Supplied material |
■ ■ ■
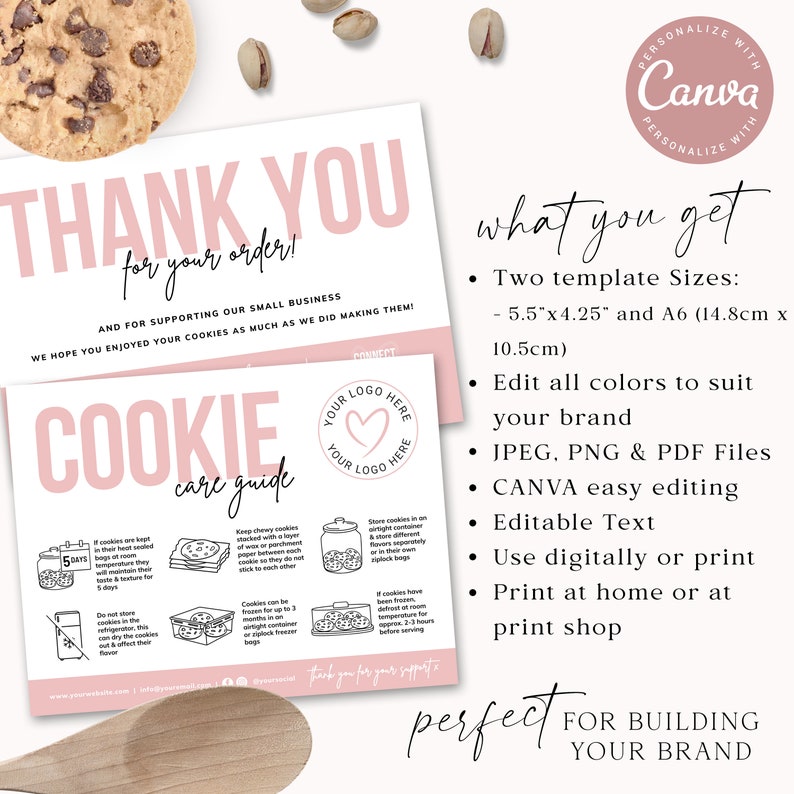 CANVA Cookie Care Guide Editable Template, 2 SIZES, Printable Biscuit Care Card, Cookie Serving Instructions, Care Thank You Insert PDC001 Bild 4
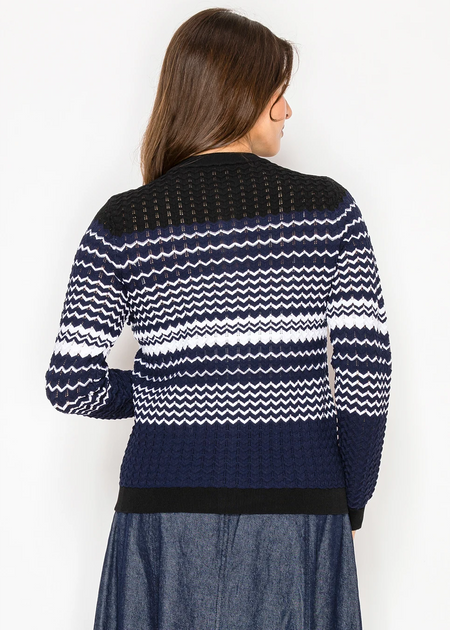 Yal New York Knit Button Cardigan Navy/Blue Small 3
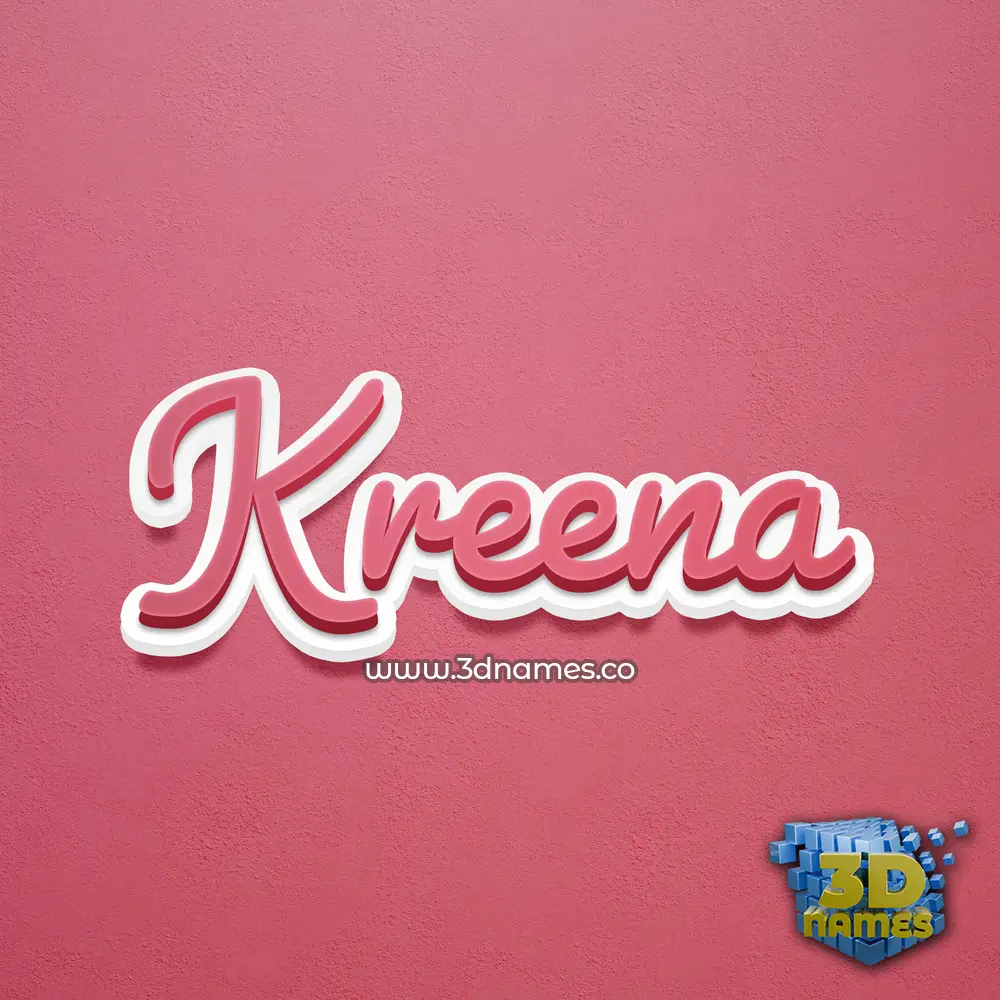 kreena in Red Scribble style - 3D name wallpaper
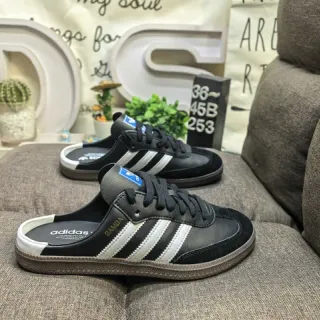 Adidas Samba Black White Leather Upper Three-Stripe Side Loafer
■ ■ ■
What you need to do |
Nothing but the lines from the one containing "Yal New York" through the end of the listing should be written out, each exactly, and pictures must be left out.

Result below |
 Yal New York Knit Button Cardigan Navy/Blue Small 3
 kreena in Red Scribble style - 3D name wallpaper
 Adidas Samba Black White Leather Upper Three-Stripe Side Loafer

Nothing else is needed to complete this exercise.